Please read carefully.

It can be extremely busy when you exit the airport and this is why it’s good to know this information first.

IMPORTANT

  • The taxi rank is clearly marked — head for it!
  • Look for the Taxi’s I mention below. Mai Linh and Vinasun
  • If a man in uniform comes to ‘help’ you. Ignore and keep walking.
    They do not work for the airport, they work for the other various taxi companies who are un-regulated. They pray on tired travellers and trust me, you’ll end up with an insanely ridiculous fare if you take one. I had a big fight on my hands when I stupidly did this; luckily my Vietnamese was good enough to get to a reasonable middle ground, but don’t get yourself in this stupid position, it’s not worth it.

TAXIS

ONLY GET MAI LINH (green car) or VINASUN (white car) 
They are both metered. They are always abundant at the airport and they have seven-seaters if there is a large group of you. They both take cards.
They also both have apps which are worth downloading then you have lots of options to get you around☺

Photos courtesy of Mai Linh and Vinasun Taxi Corporations, Vietnam.

To give you a ballpark figure; the most I have ever paid for a taxi from the airport is 270,000VND and I live in District 7, which is much further than District 1 or 3 where most visitors will typically stay.

GRAB (like Uber or Lyft)

Image courtesy of Grab, Vietnam.

They are a lifesaver; especially handy when you don’t speak Vietnamese or know where you are going. Normally an airport GRAB car will be around 120,000–180,000VND to my house right out in District 7, you can see the price before you commit to booking and there are also options like 7 seaters, luxury cars and scooters. Scooters are one of the most common ways to get around, faster, and normally a fraction of the cost of a car. The driver will provide you with a helmet and poncho if it rains.

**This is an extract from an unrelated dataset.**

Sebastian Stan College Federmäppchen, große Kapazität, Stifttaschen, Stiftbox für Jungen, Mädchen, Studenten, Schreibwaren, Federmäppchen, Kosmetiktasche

Photo by Afif Kusuma on Unsplash

Do not expect to have a pricing battle on your hands as you may have experienced somewhere like Bali; what you see is what you get. The only additions will be if you go through any tolls.

There are other apps similar to Grab, but Grab is the most reliable and has been around for the longest.

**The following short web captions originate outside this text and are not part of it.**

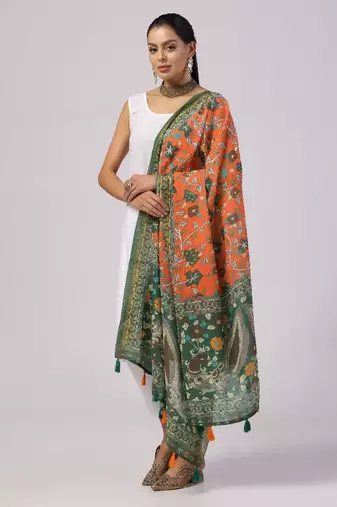Wevon Jari Border With Digital Printed Orange Linen Dupatta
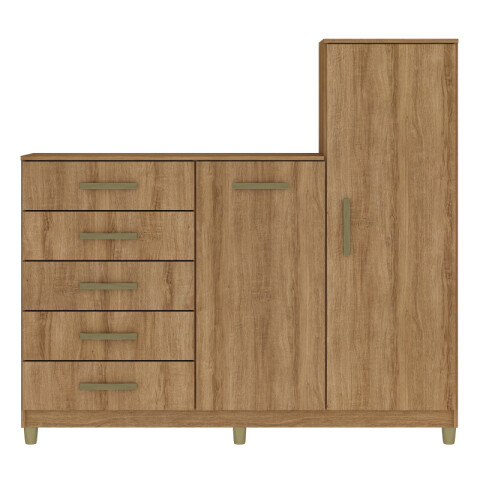 Comoda Cajonera Rack TV 46" de 5 cajones 2 puertas 1 perchero y 3 estantes internos para Dormitorio o Living - FE - Miel Comoda Cajonera Rack TV 46" de 5 cajones 2 puertas 1 perchero y 3 estantes internos para Dormitorio o Living - FE - Miel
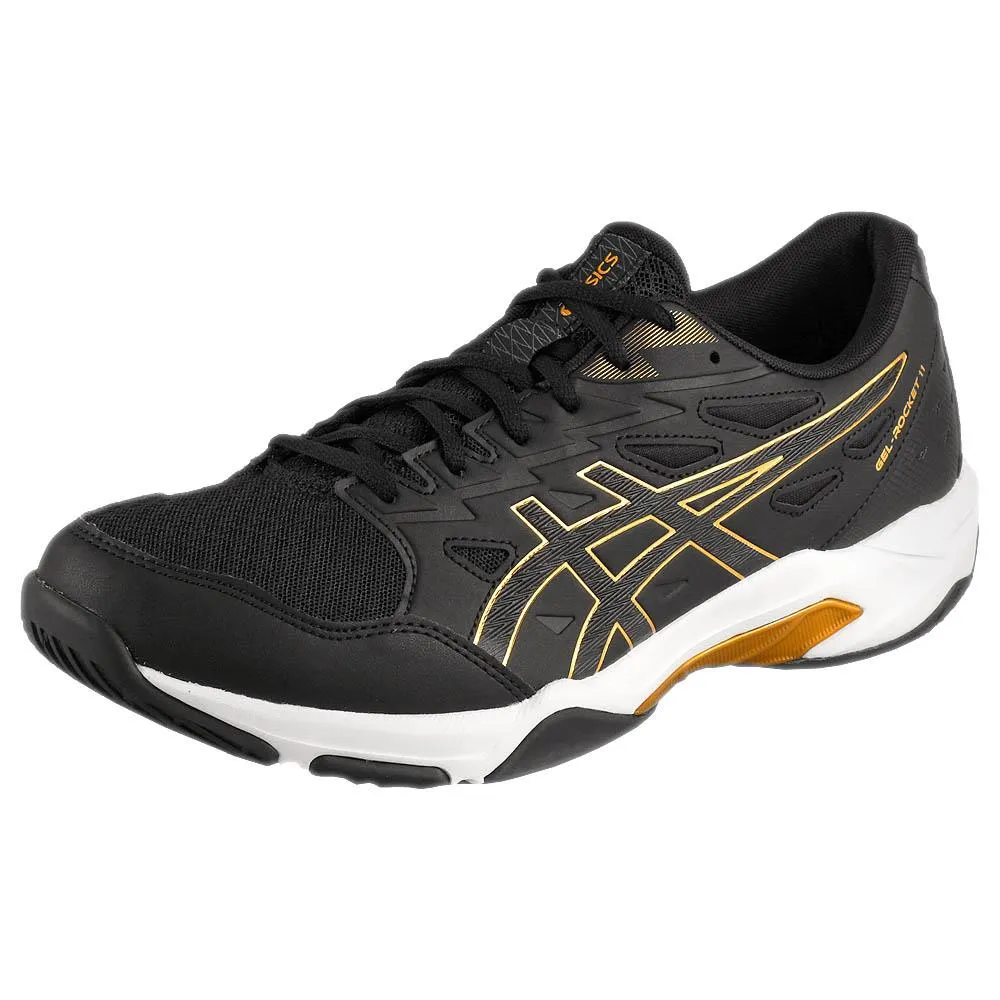 Asics Men's Gel-Rocket 11 - 2E Width - Black/Pure Gold Flex Zones Decoupled Heel Construction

(I should mention if you get heavy rain Grab prices can go up dramatically)

Unfortunately, HCMC is quite unique in the fact that the Taxi drivers simply don’t know where things are. Almost all of the taxis have GPS built-in as standard, none of them use it, even when lost — it drives me nuts. This is why Grab is beneficial, they will follow the route they are given. HCMC definitely has some unique quirks about it and this is one of them…

Addresses

The city is split into areas called ‘Districts’ or the Vietnamese word is ‘Quận’ most of them are numbered for example: Quận 1 is the centre, Quận 7 is in the suburbs, where I live. Some of them have names like Quận Bình Chánh or Bình Thạnh. Do not be fooled by the numbers, they are not in a logical order. Quận 7 is next to Quận 4 which is next to Quận 1 for example. A handy tip to know is most businesses have the full address on their sign, so if you want to know what district you are in you just look up at the signage and it will be easy to see where you are.

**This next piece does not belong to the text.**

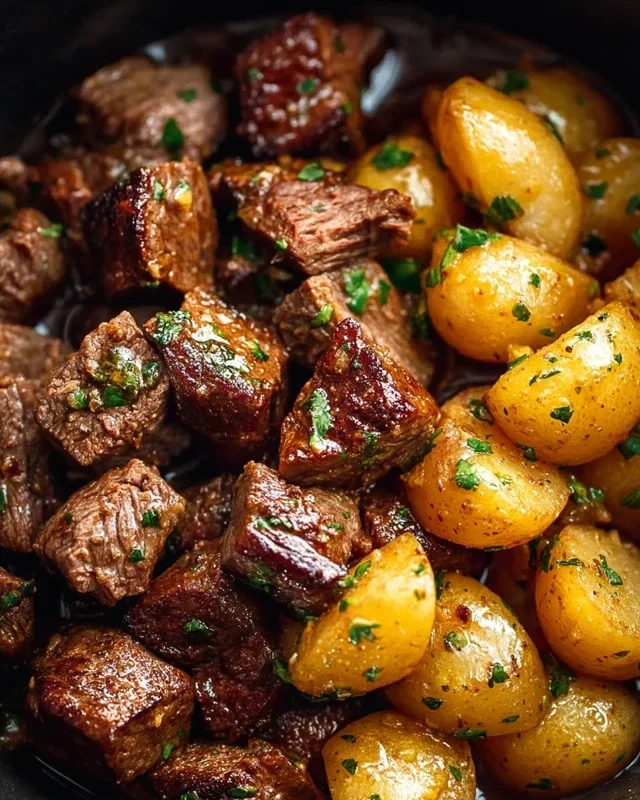 Slow Cooker Garlic Butter Beef Bites with Potatoes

Look below the ‘Rage Motor’ lettering and it says P.25 (that’s the street and number) Q Bình Thạnh (that’s the district) © 2020, Anouska Parr

Useful words and phrases with phonetic pronunciation and the correct spelling:

wayo fie — turn right
rẽ phải

fie — right 
phải

wayo chai — turn left
rẽ trái

chai — left
trái

wayo lai — turn around
quay lại

dee tang — straight ahead
đi thẳng

sin loy — sorry
xin lỗi

gammonnnn — thank you
cảm ơn

jar mot chout — wait a minute
chờ một chút

mot chout — little bit
một chút

hom — no (also means zero or anything negative)
không

hom sau— no problem
không sao

hom car chi — you’re welcome
không có chi


Tipping

It is not part of the culture to tip in Vietnam. 
It is not expected, and depending on where you are, can be so unusual that they may chase you to return your change. I do tip if I have had especially good service, I tip my drivers a little bit, but it’s really not the norm, so don’t feel like you have to. The best tip you can give is your return business.

So there you have it, I hope this helps to get you safely to your accommodation, I will be back soon with some tips on what you should do now you are here!